**Your objective:**
Repeat word for word everything from the line containing "Sudadera con capucha" to the end of the listing, first and last lines included, and only that.
--- START ---
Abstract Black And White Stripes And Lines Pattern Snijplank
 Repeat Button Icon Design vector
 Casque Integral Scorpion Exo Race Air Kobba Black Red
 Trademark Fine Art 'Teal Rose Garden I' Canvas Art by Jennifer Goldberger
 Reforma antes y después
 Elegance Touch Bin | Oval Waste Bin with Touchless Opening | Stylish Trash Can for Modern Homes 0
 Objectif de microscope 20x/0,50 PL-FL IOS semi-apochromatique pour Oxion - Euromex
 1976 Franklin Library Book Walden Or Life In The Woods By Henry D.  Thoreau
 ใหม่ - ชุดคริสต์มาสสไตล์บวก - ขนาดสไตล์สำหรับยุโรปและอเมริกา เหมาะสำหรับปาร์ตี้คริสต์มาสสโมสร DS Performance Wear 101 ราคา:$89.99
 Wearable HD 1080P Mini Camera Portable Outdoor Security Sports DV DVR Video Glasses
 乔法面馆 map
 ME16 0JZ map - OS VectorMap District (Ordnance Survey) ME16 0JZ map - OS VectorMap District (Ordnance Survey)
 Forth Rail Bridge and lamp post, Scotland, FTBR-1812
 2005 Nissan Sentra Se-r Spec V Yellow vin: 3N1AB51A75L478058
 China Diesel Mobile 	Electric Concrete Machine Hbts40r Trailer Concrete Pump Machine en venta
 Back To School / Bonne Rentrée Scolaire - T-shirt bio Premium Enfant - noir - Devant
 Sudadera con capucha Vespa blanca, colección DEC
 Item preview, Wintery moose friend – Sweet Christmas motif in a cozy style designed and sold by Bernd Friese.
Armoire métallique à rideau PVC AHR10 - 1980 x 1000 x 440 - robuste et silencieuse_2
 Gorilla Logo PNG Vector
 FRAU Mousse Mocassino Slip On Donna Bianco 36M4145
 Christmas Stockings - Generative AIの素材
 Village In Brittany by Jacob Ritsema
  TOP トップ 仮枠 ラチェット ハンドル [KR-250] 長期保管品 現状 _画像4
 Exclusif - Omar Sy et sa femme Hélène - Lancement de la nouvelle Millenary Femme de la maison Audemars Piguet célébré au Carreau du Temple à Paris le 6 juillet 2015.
--- END ---
**Solution for this problem:**
 Sudadera con capucha Vespa blanca, colección DEC
 Item preview, Wintery moose friend – Sweet Christmas motif in a cozy style designed and sold by Bernd Friese.
Armoire métallique à rideau PVC AHR10 - 1980 x 1000 x 440 - robuste et silencieuse_2
 Gorilla Logo PNG Vector
 FRAU Mousse Mocassino Slip On Donna Bianco 36M4145
 Christmas Stockings - Generative AIの素材
 Village In Brittany by Jacob Ritsema
  TOP トップ 仮枠 ラチェット ハンドル [KR-250] 長期保管品 現状 _画像4
 Exclusif - Omar Sy et sa femme Hélène - Lancement de la nouvelle Millenary Femme de la maison Audemars Piguet célébré au Carreau du Temple à Paris le 6 juillet 2015.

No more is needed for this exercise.